### WHAT NEEDS TO BE DONE
Could you give every record again, exactly as it reads?

### Free-text object descriptions
= = = = = = =
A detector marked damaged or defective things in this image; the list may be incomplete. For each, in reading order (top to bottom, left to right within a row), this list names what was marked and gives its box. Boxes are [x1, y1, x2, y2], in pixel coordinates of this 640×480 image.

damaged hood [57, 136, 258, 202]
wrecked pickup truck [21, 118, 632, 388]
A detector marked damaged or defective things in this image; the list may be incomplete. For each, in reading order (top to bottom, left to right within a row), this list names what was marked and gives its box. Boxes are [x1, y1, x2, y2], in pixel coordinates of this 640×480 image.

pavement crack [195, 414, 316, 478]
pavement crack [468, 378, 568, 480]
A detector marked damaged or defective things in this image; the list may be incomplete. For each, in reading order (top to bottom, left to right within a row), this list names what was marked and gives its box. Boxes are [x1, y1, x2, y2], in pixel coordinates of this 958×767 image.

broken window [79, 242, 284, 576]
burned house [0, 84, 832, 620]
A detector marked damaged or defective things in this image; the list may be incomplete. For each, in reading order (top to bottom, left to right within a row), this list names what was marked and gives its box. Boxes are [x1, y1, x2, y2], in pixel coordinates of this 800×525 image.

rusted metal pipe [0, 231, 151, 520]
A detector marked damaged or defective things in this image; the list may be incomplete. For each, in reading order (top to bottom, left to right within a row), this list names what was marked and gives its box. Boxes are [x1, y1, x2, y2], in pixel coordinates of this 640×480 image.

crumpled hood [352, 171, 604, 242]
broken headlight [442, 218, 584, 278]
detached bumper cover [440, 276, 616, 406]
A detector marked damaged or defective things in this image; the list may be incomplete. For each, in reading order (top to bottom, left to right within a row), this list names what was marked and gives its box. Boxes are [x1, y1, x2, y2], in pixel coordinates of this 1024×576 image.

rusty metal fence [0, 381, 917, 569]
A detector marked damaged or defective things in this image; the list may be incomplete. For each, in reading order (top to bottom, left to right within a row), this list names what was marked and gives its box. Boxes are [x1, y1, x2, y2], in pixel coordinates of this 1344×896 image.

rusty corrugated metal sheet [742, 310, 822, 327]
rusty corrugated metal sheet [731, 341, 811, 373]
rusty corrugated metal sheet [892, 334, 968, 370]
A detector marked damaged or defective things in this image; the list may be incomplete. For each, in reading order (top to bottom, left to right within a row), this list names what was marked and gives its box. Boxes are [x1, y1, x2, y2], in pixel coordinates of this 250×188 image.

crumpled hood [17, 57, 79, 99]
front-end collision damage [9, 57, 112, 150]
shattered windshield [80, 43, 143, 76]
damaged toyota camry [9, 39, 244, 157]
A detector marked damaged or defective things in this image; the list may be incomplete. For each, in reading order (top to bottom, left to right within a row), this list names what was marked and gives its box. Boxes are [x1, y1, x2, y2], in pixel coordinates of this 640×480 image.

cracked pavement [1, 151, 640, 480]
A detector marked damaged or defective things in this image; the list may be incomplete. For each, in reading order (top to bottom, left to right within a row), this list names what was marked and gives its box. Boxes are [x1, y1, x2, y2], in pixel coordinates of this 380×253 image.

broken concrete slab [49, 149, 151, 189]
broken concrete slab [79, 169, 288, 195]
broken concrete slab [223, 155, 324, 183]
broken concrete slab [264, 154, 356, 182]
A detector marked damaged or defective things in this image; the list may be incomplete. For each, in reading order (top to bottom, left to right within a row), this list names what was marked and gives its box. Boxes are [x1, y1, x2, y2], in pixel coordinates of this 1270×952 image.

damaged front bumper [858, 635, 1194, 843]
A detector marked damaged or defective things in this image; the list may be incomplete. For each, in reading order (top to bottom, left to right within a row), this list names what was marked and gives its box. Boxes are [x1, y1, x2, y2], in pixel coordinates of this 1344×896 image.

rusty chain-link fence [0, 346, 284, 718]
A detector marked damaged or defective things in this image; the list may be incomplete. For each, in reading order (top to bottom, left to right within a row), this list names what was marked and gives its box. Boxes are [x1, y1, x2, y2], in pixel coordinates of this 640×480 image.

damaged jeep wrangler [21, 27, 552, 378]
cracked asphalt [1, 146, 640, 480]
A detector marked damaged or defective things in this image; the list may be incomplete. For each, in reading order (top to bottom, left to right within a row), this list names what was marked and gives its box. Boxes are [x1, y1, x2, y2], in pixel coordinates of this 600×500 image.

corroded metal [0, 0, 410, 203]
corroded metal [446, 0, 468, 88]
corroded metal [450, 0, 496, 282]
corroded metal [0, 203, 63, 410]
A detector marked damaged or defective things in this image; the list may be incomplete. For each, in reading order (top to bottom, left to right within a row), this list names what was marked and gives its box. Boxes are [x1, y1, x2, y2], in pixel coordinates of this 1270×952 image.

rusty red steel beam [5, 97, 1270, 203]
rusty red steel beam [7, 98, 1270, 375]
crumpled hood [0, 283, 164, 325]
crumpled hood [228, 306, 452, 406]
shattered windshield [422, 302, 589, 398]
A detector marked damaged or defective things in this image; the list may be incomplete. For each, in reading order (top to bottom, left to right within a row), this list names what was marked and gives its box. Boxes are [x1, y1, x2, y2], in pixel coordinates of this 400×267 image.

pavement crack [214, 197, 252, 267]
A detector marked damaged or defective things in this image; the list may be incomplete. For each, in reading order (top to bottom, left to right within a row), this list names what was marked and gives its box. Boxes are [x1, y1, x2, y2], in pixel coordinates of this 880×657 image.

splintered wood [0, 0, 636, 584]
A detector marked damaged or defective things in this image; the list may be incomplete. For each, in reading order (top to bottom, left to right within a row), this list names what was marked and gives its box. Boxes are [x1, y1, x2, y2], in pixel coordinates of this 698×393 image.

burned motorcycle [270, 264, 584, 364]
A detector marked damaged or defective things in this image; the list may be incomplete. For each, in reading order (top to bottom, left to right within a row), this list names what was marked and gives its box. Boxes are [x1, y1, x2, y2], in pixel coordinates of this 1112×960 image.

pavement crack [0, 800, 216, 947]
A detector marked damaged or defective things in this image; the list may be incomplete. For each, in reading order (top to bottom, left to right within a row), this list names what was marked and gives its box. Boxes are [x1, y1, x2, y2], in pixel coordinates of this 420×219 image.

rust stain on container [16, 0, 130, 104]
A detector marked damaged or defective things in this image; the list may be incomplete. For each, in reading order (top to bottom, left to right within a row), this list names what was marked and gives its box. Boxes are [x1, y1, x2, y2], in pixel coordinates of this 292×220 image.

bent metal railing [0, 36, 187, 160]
= = = = = = =
### ANSWER BELOW
A detector marked damaged or defective things in this image; the list may be incomplete. For each, in reading order (top to bottom, left to right within a row), this list names what was marked and gives its box. Boxes are [x1, y1, x2, y2], in pixel coordinates of this 640×480 image.

damaged hood [57, 136, 258, 202]
wrecked pickup truck [21, 118, 632, 388]
A detector marked damaged or defective things in this image; the list may be incomplete. For each, in reading order (top to bottom, left to right within a row), this list names what was marked and gives its box. Boxes are [x1, y1, x2, y2], in pixel coordinates of this 640×480 image.

pavement crack [195, 414, 316, 478]
pavement crack [468, 378, 568, 480]
A detector marked damaged or defective things in this image; the list may be incomplete. For each, in reading order (top to bottom, left to right within a row), this list names what was marked and gives its box. Boxes are [x1, y1, x2, y2], in pixel coordinates of this 958×767 image.

broken window [79, 242, 284, 576]
burned house [0, 84, 832, 620]
A detector marked damaged or defective things in this image; the list may be incomplete. For each, in reading order (top to bottom, left to right within a row), this list names what was marked and gives its box. Boxes are [x1, y1, x2, y2], in pixel coordinates of this 800×525 image.

rusted metal pipe [0, 231, 151, 520]
A detector marked damaged or defective things in this image; the list may be incomplete. For each, in reading order (top to bottom, left to right within a row), this list names what was marked and gives its box. Boxes are [x1, y1, x2, y2], in pixel coordinates of this 640×480 image.

crumpled hood [352, 171, 604, 242]
broken headlight [442, 218, 584, 278]
detached bumper cover [440, 276, 616, 406]
A detector marked damaged or defective things in this image; the list may be incomplete. For each, in reading order (top to bottom, left to right within a row), this list names what was marked and gives its box. Boxes are [x1, y1, x2, y2], in pixel coordinates of this 1024×576 image.

rusty metal fence [0, 381, 917, 569]
A detector marked damaged or defective things in this image; the list may be incomplete. For each, in reading order (top to bottom, left to right within a row), this list names what was marked and gives its box. Boxes are [x1, y1, x2, y2], in pixel coordinates of this 1344×896 image.

rusty corrugated metal sheet [742, 310, 822, 327]
rusty corrugated metal sheet [731, 341, 811, 373]
rusty corrugated metal sheet [892, 334, 968, 370]
A detector marked damaged or defective things in this image; the list may be incomplete. For each, in reading order (top to bottom, left to right within a row), this list names what was marked and gives its box. Boxes are [x1, y1, x2, y2], in pixel coordinates of this 250×188 image.

crumpled hood [17, 57, 79, 99]
front-end collision damage [9, 57, 112, 150]
shattered windshield [80, 43, 143, 76]
damaged toyota camry [9, 39, 244, 157]
A detector marked damaged or defective things in this image; the list may be incomplete. For each, in reading order (top to bottom, left to right within a row), this list names what was marked and gives its box. Boxes are [x1, y1, x2, y2], in pixel coordinates of this 640×480 image.

cracked pavement [1, 151, 640, 480]
A detector marked damaged or defective things in this image; the list may be incomplete. For each, in reading order (top to bottom, left to right within a row), this list names what was marked and gives its box. Boxes are [x1, y1, x2, y2], in pixel coordinates of this 380×253 image.

broken concrete slab [49, 149, 151, 189]
broken concrete slab [79, 169, 288, 195]
broken concrete slab [223, 155, 324, 183]
broken concrete slab [264, 154, 356, 182]
A detector marked damaged or defective things in this image; the list may be incomplete. For each, in reading order (top to bottom, left to right within a row), this list names what was marked and gives its box. Boxes are [x1, y1, x2, y2], in pixel coordinates of this 1270×952 image.

damaged front bumper [858, 635, 1194, 843]
A detector marked damaged or defective things in this image; the list may be incomplete. For each, in reading order (top to bottom, left to right within a row), this list names what was marked and gives its box. Boxes are [x1, y1, x2, y2], in pixel coordinates of this 1344×896 image.

rusty chain-link fence [0, 346, 284, 718]
A detector marked damaged or defective things in this image; the list may be incomplete. For each, in reading order (top to bottom, left to right within a row), this list names what was marked and gives its box. Boxes are [x1, y1, x2, y2], in pixel coordinates of this 640×480 image.

damaged jeep wrangler [21, 27, 552, 378]
cracked asphalt [1, 146, 640, 480]
A detector marked damaged or defective things in this image; the list may be incomplete. For each, in reading order (top to bottom, left to right within a row), this list names what was marked and gives its box. Boxes are [x1, y1, x2, y2], in pixel coordinates of this 600×500 image.

corroded metal [0, 0, 410, 203]
corroded metal [446, 0, 468, 88]
corroded metal [450, 0, 496, 282]
corroded metal [0, 203, 63, 410]
A detector marked damaged or defective things in this image; the list may be incomplete. For each, in reading order (top to bottom, left to right within a row), this list names what was marked and gives its box. Boxes are [x1, y1, x2, y2], in pixel coordinates of this 1270×952 image.

rusty red steel beam [5, 97, 1270, 203]
rusty red steel beam [7, 98, 1270, 375]
crumpled hood [0, 283, 164, 325]
crumpled hood [228, 306, 452, 406]
shattered windshield [422, 302, 589, 398]
A detector marked damaged or defective things in this image; the list may be incomplete. For each, in reading order (top to bottom, left to right within a row), this list names what was marked and gives its box. Boxes are [x1, y1, x2, y2], in pixel coordinates of this 400×267 image.

pavement crack [214, 197, 252, 267]
A detector marked damaged or defective things in this image; the list may be incomplete. For each, in reading order (top to bottom, left to right within a row), this list names what was marked and gives its box. Boxes are [x1, y1, x2, y2], in pixel coordinates of this 880×657 image.

splintered wood [0, 0, 636, 584]
A detector marked damaged or defective things in this image; the list may be incomplete. For each, in reading order (top to bottom, left to right within a row), this list names what was marked and gives its box. Boxes are [x1, y1, x2, y2], in pixel coordinates of this 698×393 image.

burned motorcycle [270, 264, 584, 364]
A detector marked damaged or defective things in this image; the list may be incomplete. For each, in reading order (top to bottom, left to right within a row), this list names what was marked and gives its box. Boxes are [x1, y1, x2, y2], in pixel coordinates of this 1112×960 image.

pavement crack [0, 800, 216, 947]
A detector marked damaged or defective things in this image; the list may be incomplete. For each, in reading order (top to bottom, left to right within a row), this list names what was marked and gives its box. Boxes are [x1, y1, x2, y2], in pixel coordinates of this 420×219 image.

rust stain on container [16, 0, 130, 104]
A detector marked damaged or defective things in this image; the list may be incomplete. For each, in reading order (top to bottom, left to right within a row), this list names what was marked and gives its box. Boxes are [x1, y1, x2, y2], in pixel coordinates of this 292×220 image.

bent metal railing [0, 36, 187, 160]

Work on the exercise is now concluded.